CONDITION AND RESULTS OF OPERATIONS—(continued)

(Dollars in thousands, except per share data)

 

Quantitative and Qualitative Disclosures about Market Risk

The Bank measures interest-rate risk from the perspectives of earnings at risk and value at risk. The primary purpose of both the loan and securities portfolios is the generation of income. Credit risk is the principal focus of risk analysis in the loan portfolio, while interest-rate risk is the principal focus in the securities portfolio. The securities portfolio is the vehicle used to manage both interest-rate and liquidity risk. The Bank monitors interest rate risk position using simulation analysis of net interest income and net income over a two-year period. The Bank also calculates the effect of an instantaneous change in market interest rates on the economic value of equity or net portfolio value. Once these analyses are complete, management reviews the results, with an emphasis on the income-simulation results for purposes of managing interest-rate risk. The rate sensitivity position is managed to avoid wide swings in net interest margins. Measurement and identification of current and potential interest rate risk exposures is conducted quarterly, with reporting and monitoring also occurring quarterly. The Bank applies interest rate shocks to its financial instruments up and down 50, 100, 200, and 300 basis points. In 2008, the guidelines for the one year change in net interest income and the change in net present value of equity were updated to be more reflective of industry standards for the peer group management uses for comparison purposes.

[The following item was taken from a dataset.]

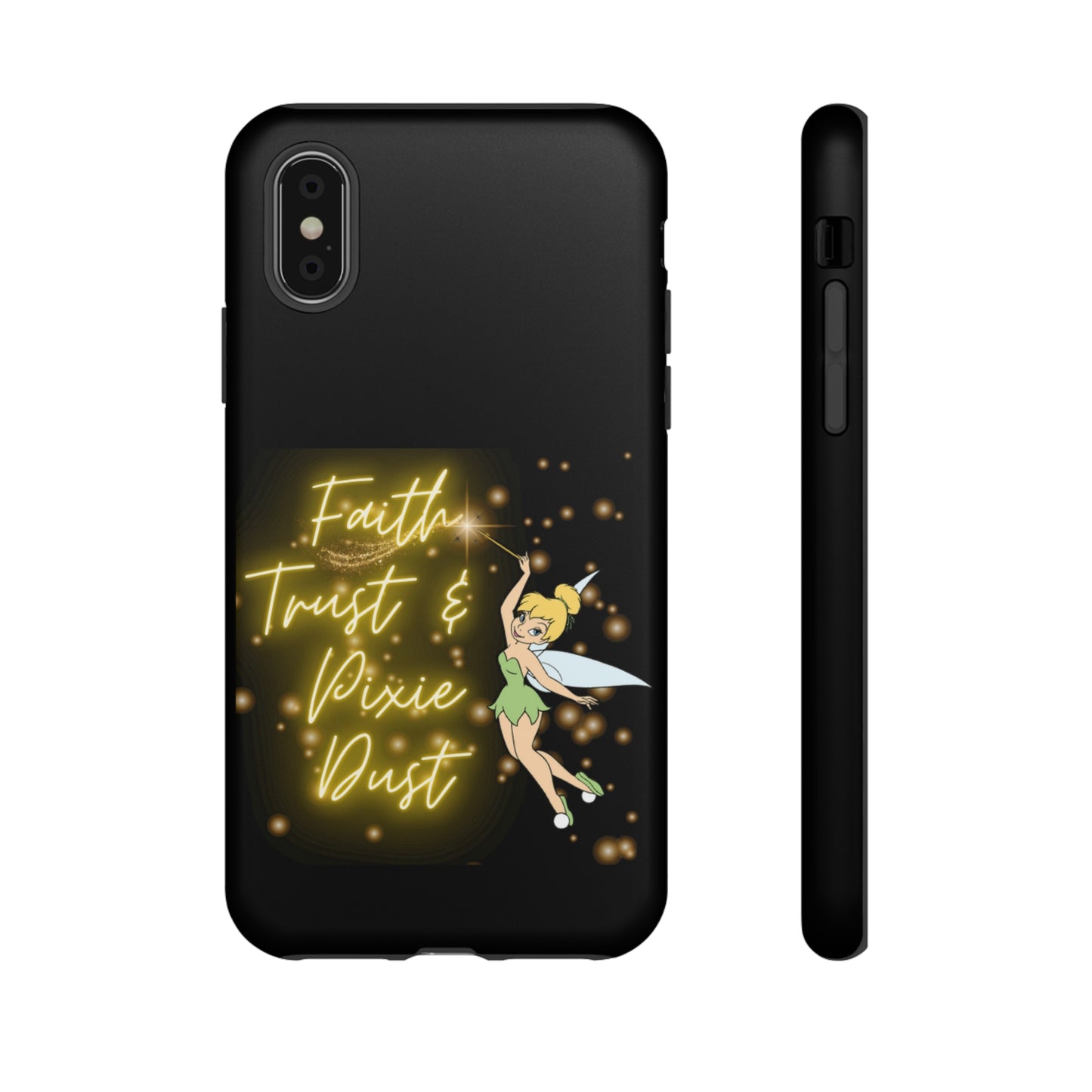 Faith Trust & Pixie Dust - Tough Cases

The projected volatility of net interest income to a +200 and -100 basis points change for all quarterly models during 2008 and 2007 fell within the Board of Directors guidelines for net interest income change. The projected volatility of the net present value of equity to a +200 basis points change in market interest rates is slightly outside of the policy guidelines in 2008. This was mainly caused by widening spreads on government sponsored entity securities. The widening spreads caused more depreciation within the portfolio as rates rise.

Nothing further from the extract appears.